Monday, July 09, 2012

Just in time for the All-Star game, some baseball-related global warming propaganda!: Baseball stadiums could suffer from CO2-induced flooding or bee swarms; the article also helpfully points out that sitting outdoors when it's too hot "can be unpleasant"

Climate: Warming could be bad for ballplayers, but good for home runs -- 07/09/2012 -- www.eenews.net

Tomorrow's Major League Baseball All-Star Game may provide some needed distraction for many fans across the country affected by the wildfires, heat, flooding and weather-related outages that have characterized the last couple of weeks.

But could America's pastime also be feeling the effects of a changing climate that makes inclement weather more common? And what might baseball do to respond to those changes?

Amanda Staudt, a senior scientist at the National Wildlife Federation, said baseball could feel the effects of climate change in "ways large and small."

"It's possible a stadium could sustain significant damage from rising waters or from a major storm," she said.

More mundane effects of warming could also create a nuisance.
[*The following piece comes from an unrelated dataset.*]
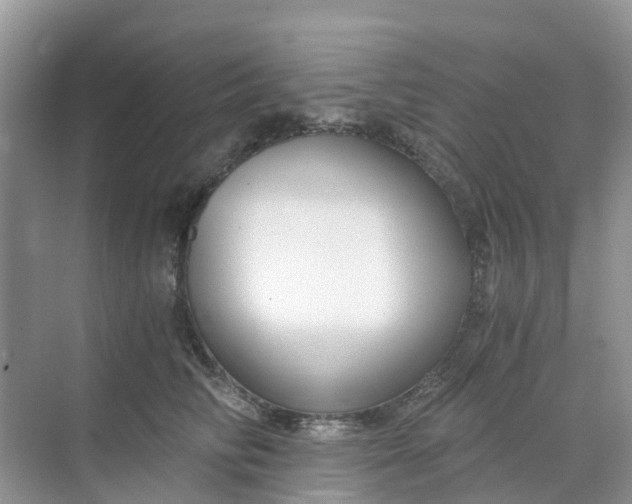 X0000068730710200605121518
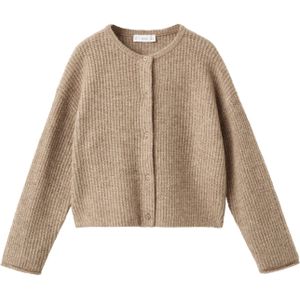 MANGO KIDS - Gebreid Vest - Bruin - Normale Pasvorm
Warmer winters have been linked to out-of-control insect populations, and some of those pests have occasionally had the itch to see a baseball game.

In May, a swarm of bees briefly interrupted an Arizona-Colorado game in Denver. Flying ants, bees and other unwelcome visitors have attended games in Cleveland, Detroit and elsewhere, in some cases disrupting the action and affecting the score.

Even without the bugs, Staudt pointed out, sitting outdoors in the heat can be unpleasant.

1 comment:

papertiger said...

every game, since the 1800's I suppose, the stats keeper records the temperature and start time.
Possible untampered with climate record which I'd be curious to see.
Did Comiskey Park experience global warming between 1910 and 1990? Doubt it.